UK North Sea Activity Report
2013 sees 44% rise in North Sea fields starting production but 28% drop in exploration and appraisal drilling
The number of fields which began producing oil and gas in the U.K. hit its highest level for five years in 2013, as a number of operators focused on development activity. This is according to the latest report into offshore activity from Deloitte, the business advisory firm. The report, detailing activity across North West Europe over the last 12 months and compiled by Deloitte’s Petroleum Services Group (PSG), found the number of U.K. fields which started production rose by 44% in 2013 (up from nine in 2012 to 13 in 2013). This figure represents the highest number since 2008, when 16 fields were brought on-stream.
Of the 13 fields brought on-stream last year, 84% were eligible for tax allowances, pointing to a positive industry reaction to the government incentives in place. However, a total of only 47 exploration and appraisal wells were drilled on the U.K. Continental Shelf (UKCS) in 2013, compared with 65 in 2012 – a decrease of 28%. During the same period, the Norwegian Continental Shelf (NCS) saw a 41% increase in drilling activity.

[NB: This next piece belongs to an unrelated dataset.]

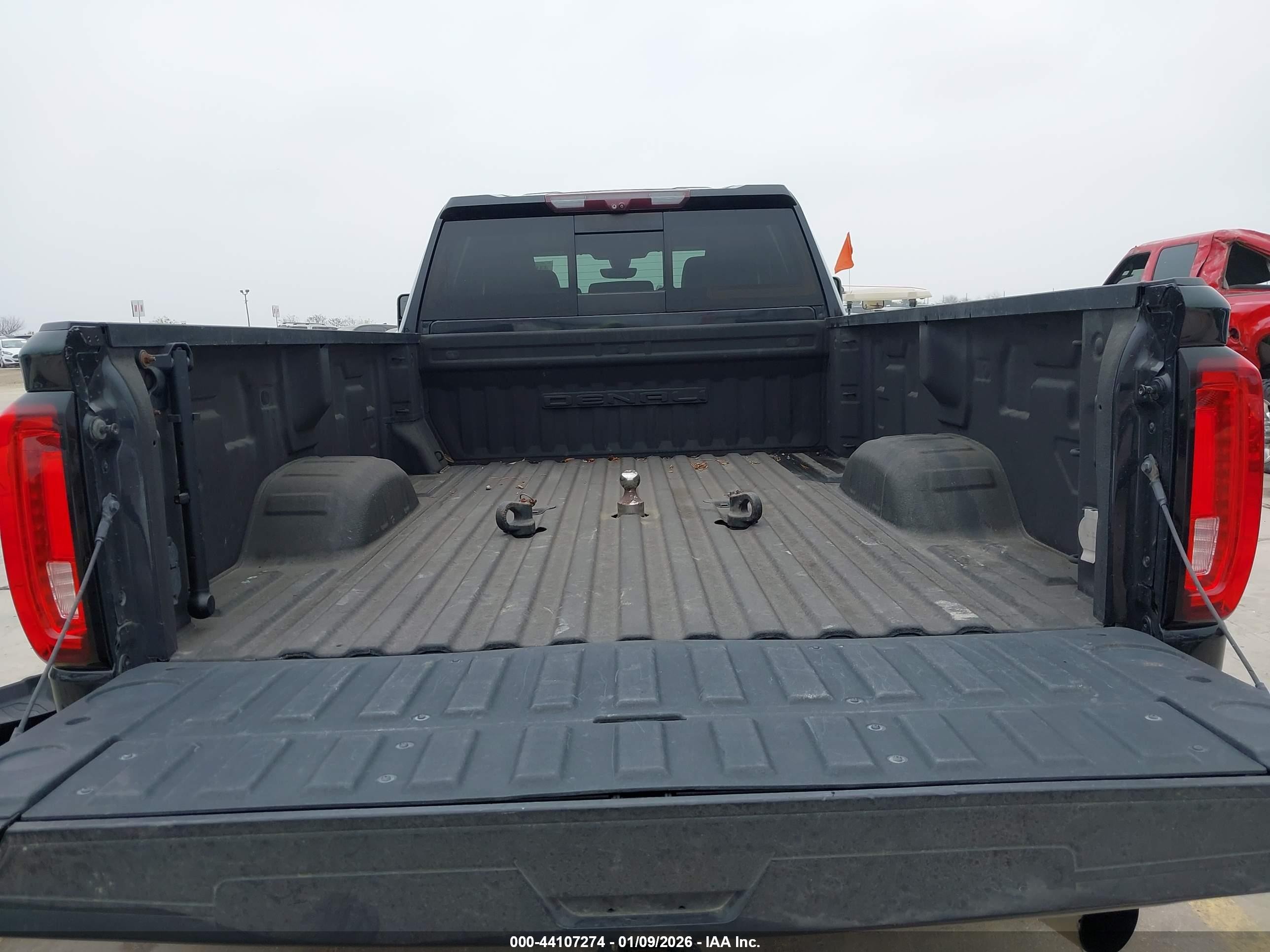 2020 Gmc SIERRA VIN 1GT49WEY1LF271434 IAAI salvage auction — Theft, Original (Texas), sold $41,000 on 2026-03-09 (photo 6)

Graham Sadler, managing director of Deloitte’s PSG, said that more needed to be done to encourage drilling on the UKCS, including incentives for exploration activity. “The North Sea industry is complex, and companies operating in there have to consider many factors. Despite the high oil price, margins are tight and the drop in drilling during 2013 most likely reflects the increased costs of operating. Staff costs remain high and access to equipment such as rigs, which are limited in number, drives prices upwards."
Sadler continued, “Nevertheless, we are seeing evidence that government incentives are helping to stimulate field developments - even historic discoveries - with Chevron (CVX)’s recent announcement that it will start work on the Alder field, which was discovered in the 1970s.
(As published in the March 2014 edition of Marine Technology Reporter - www.seadiscovery.com)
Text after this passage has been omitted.